- [Assigned task]:
The entries are to be output word for word, with the pictures omitted.

- [The data]:

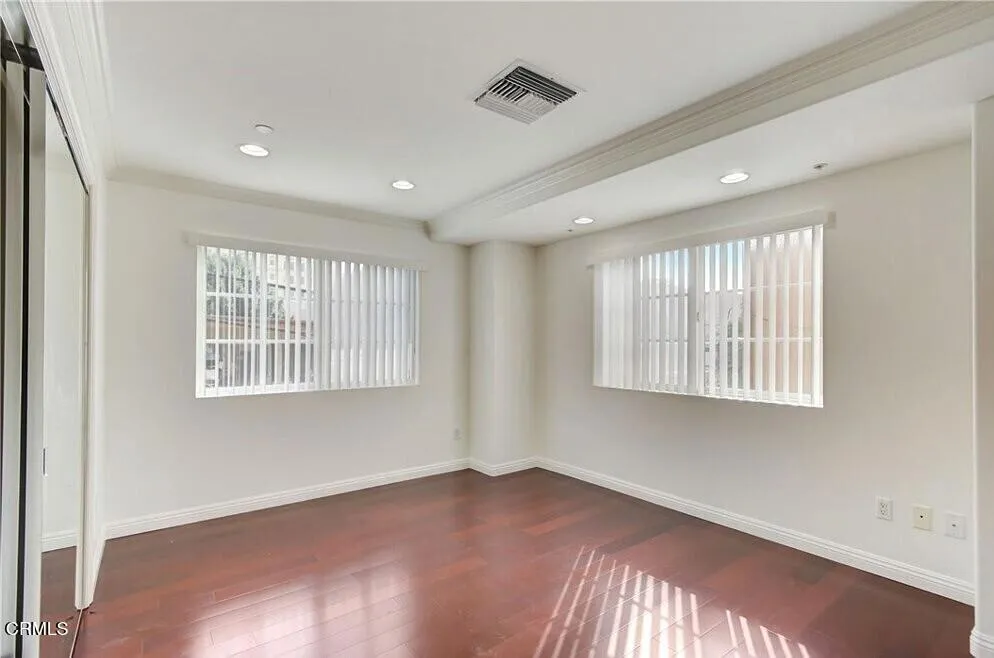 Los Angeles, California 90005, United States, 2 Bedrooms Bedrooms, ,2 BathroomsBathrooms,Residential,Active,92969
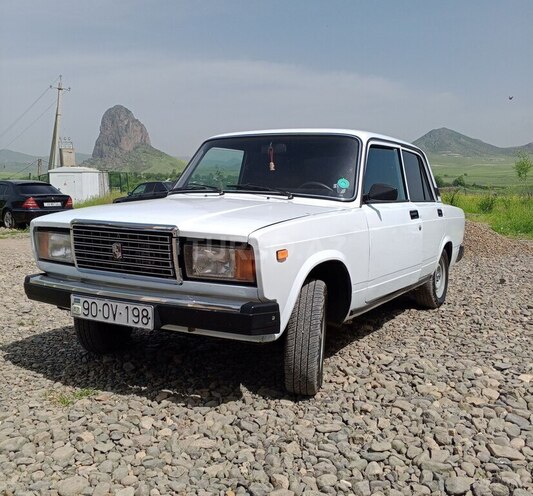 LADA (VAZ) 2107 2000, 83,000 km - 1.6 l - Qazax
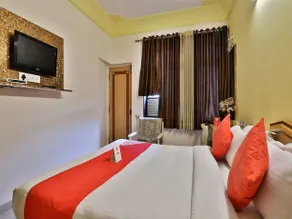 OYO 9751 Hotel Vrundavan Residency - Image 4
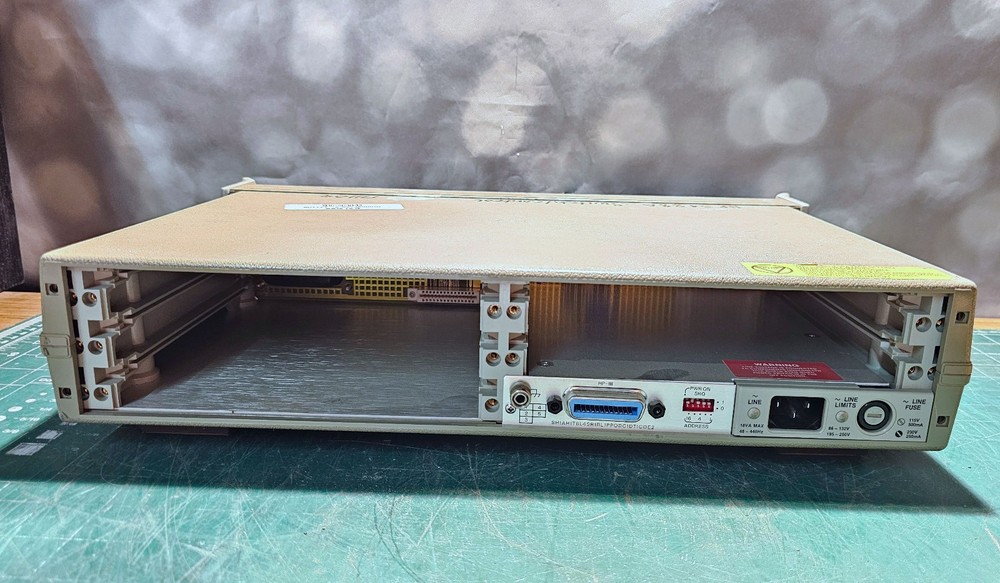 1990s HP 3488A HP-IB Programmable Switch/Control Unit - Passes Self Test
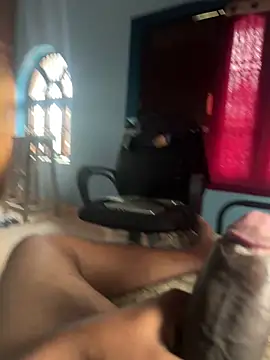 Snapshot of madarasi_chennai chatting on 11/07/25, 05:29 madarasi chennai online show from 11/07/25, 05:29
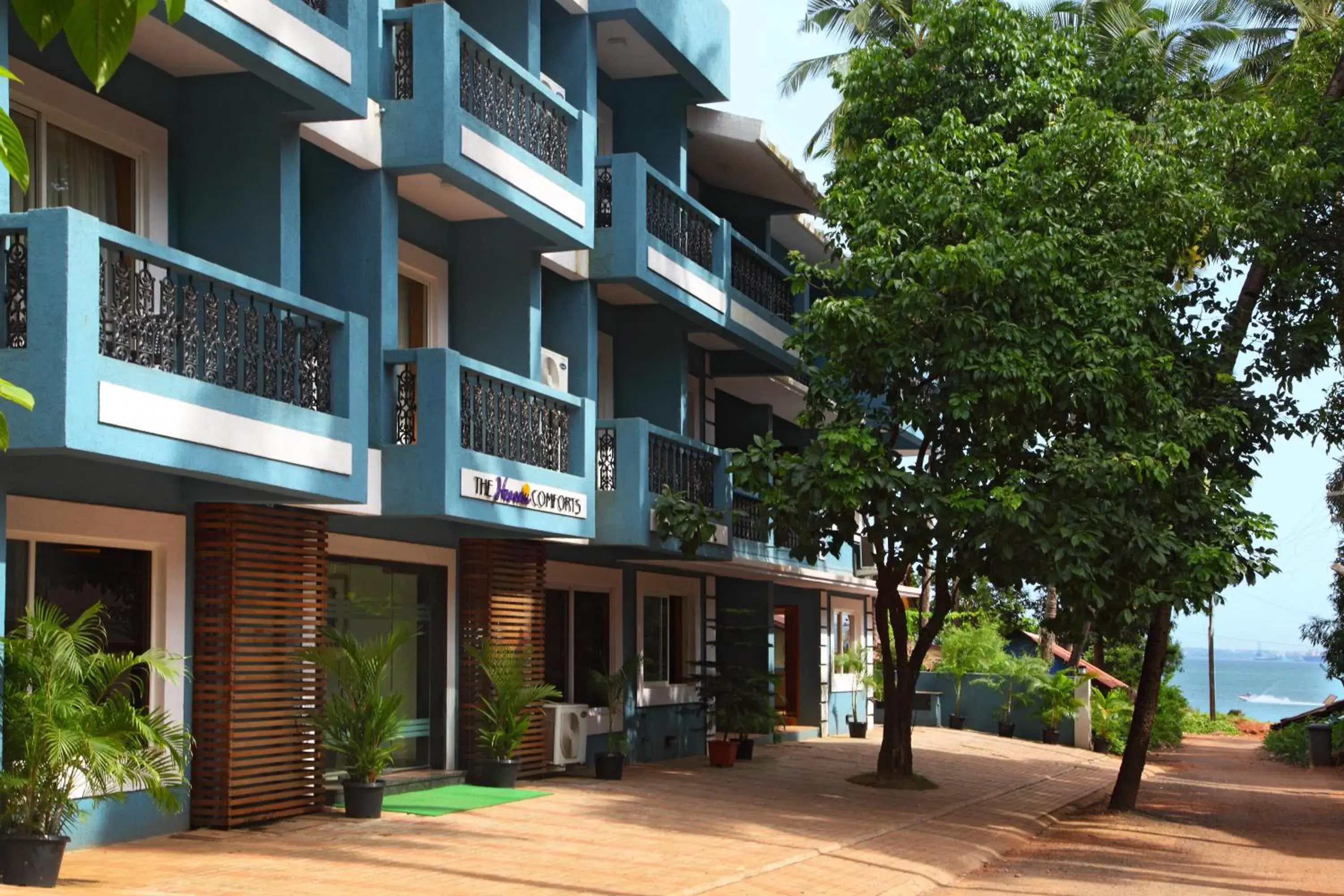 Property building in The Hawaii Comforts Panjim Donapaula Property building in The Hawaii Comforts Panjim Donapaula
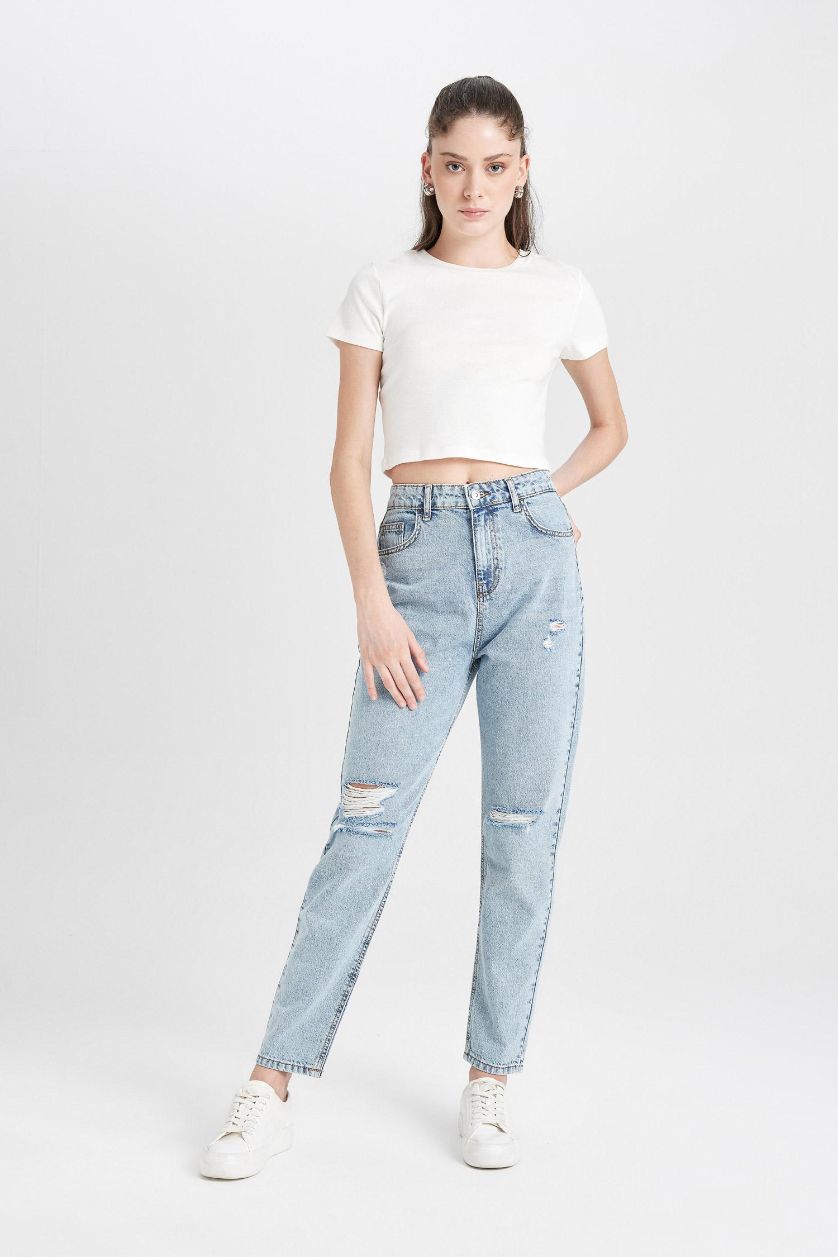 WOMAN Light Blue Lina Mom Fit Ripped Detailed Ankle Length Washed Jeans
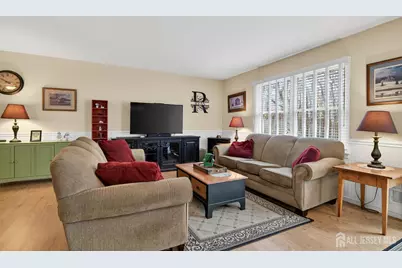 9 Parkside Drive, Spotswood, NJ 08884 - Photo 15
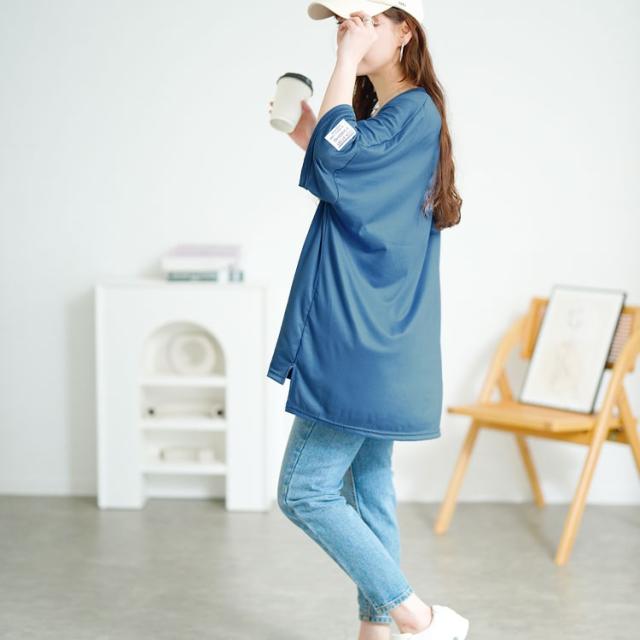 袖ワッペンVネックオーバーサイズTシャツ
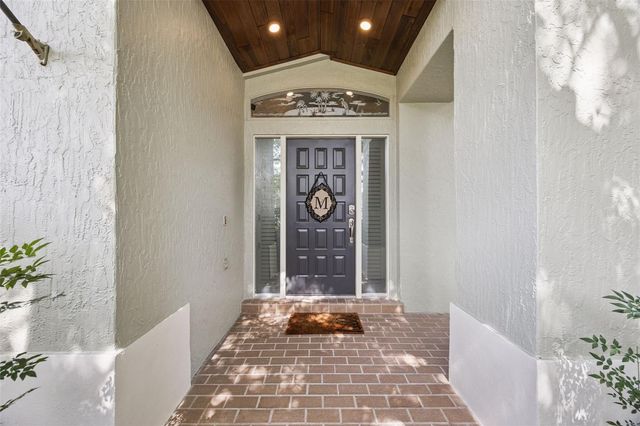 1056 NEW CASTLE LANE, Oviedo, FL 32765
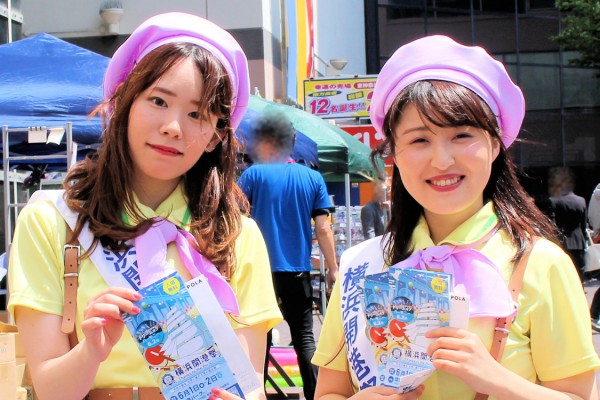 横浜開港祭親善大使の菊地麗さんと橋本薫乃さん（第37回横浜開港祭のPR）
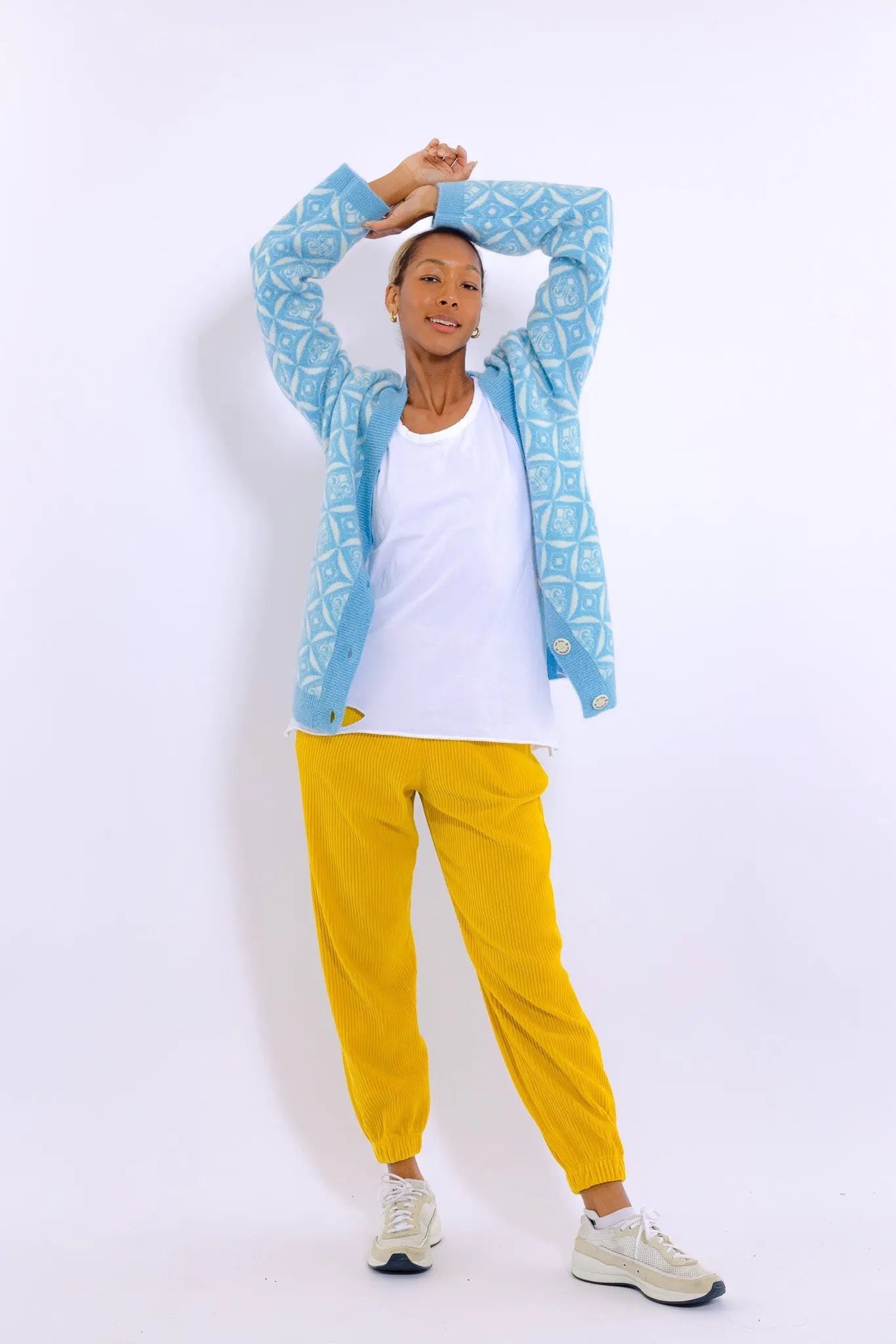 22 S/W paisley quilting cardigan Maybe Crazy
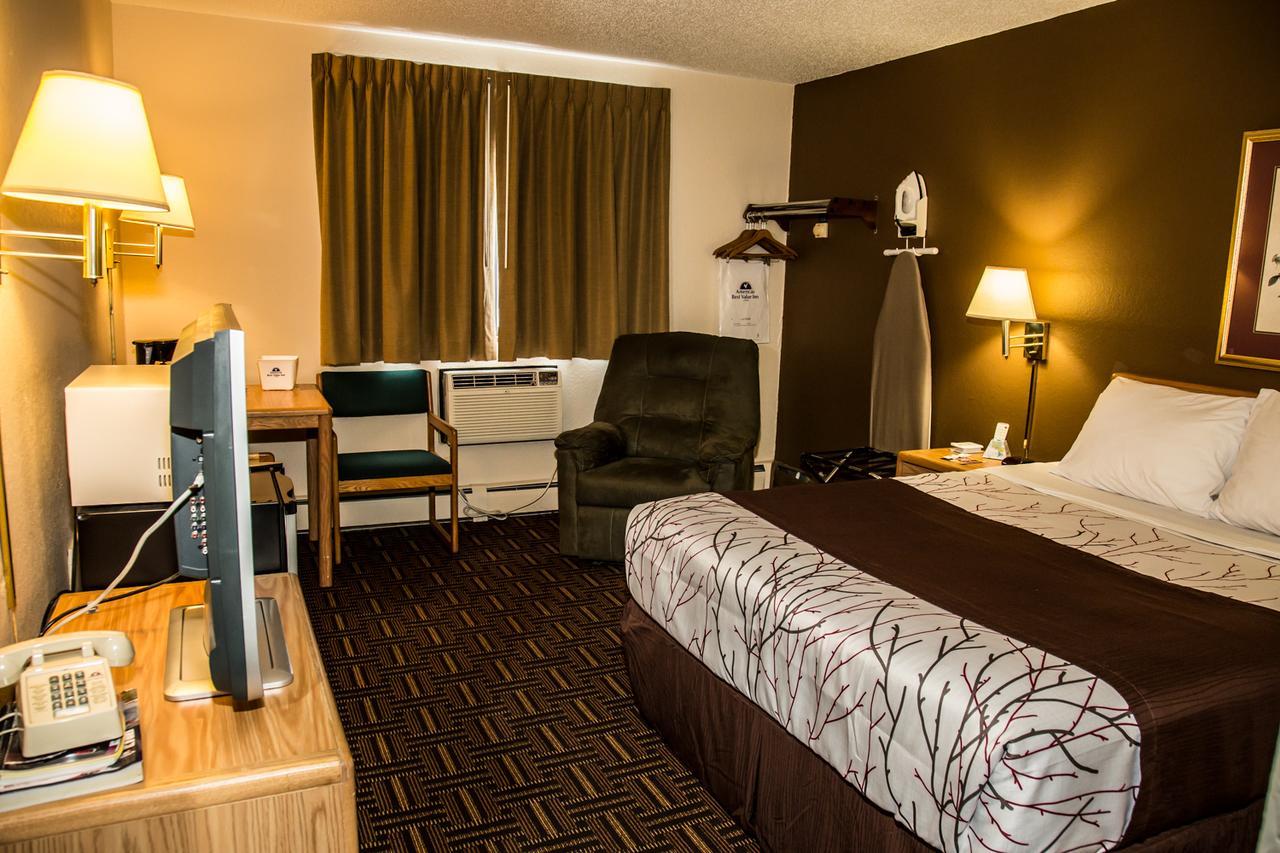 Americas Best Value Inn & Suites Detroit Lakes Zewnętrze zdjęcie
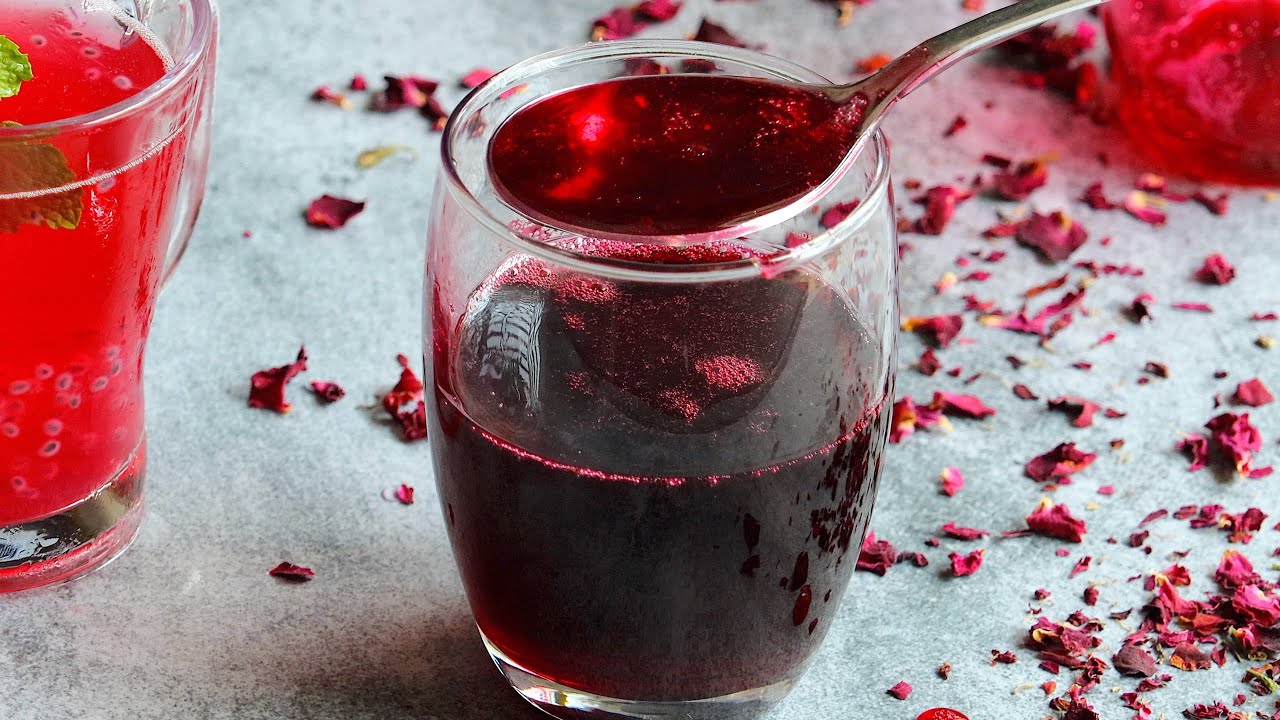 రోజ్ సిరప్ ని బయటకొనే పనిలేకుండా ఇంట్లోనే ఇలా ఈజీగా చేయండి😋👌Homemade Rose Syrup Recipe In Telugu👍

- [Answer section]:
 Los Angeles, California 90005, United States, 2 Bedrooms Bedrooms, ,2 BathroomsBathrooms,Residential,Active,92969
 LADA (VAZ) 2107 2000, 83,000 km - 1.6 l - Qazax
 OYO 9751 Hotel Vrundavan Residency - Image 4
 1990s HP 3488A HP-IB Programmable Switch/Control Unit - Passes Self Test
 Snapshot of madarasi_chennai chatting on 11/07/25, 05:29 madarasi chennai online show from 11/07/25, 05:29
 Property building in The Hawaii Comforts Panjim Donapaula Property building in The Hawaii Comforts Panjim Donapaula
 WOMAN Light Blue Lina Mom Fit Ripped Detailed Ankle Length Washed Jeans
 9 Parkside Drive, Spotswood, NJ 08884 - Photo 15
 袖ワッペンVネックオーバーサイズTシャツ
 1056 NEW CASTLE LANE, Oviedo, FL 32765
 横浜開港祭親善大使の菊地麗さんと橋本薫乃さん（第37回横浜開港祭のPR）
 22 S/W paisley quilting cardigan Maybe Crazy
 Americas Best Value Inn & Suites Detroit Lakes Zewnętrze zdjęcie
 రోజ్ సిరప్ ని బయటకొనే పనిలేకుండా ఇంట్లోనే ఇలా ఈజీగా చేయండి😋👌Homemade Rose Syrup Recipe In Telugu👍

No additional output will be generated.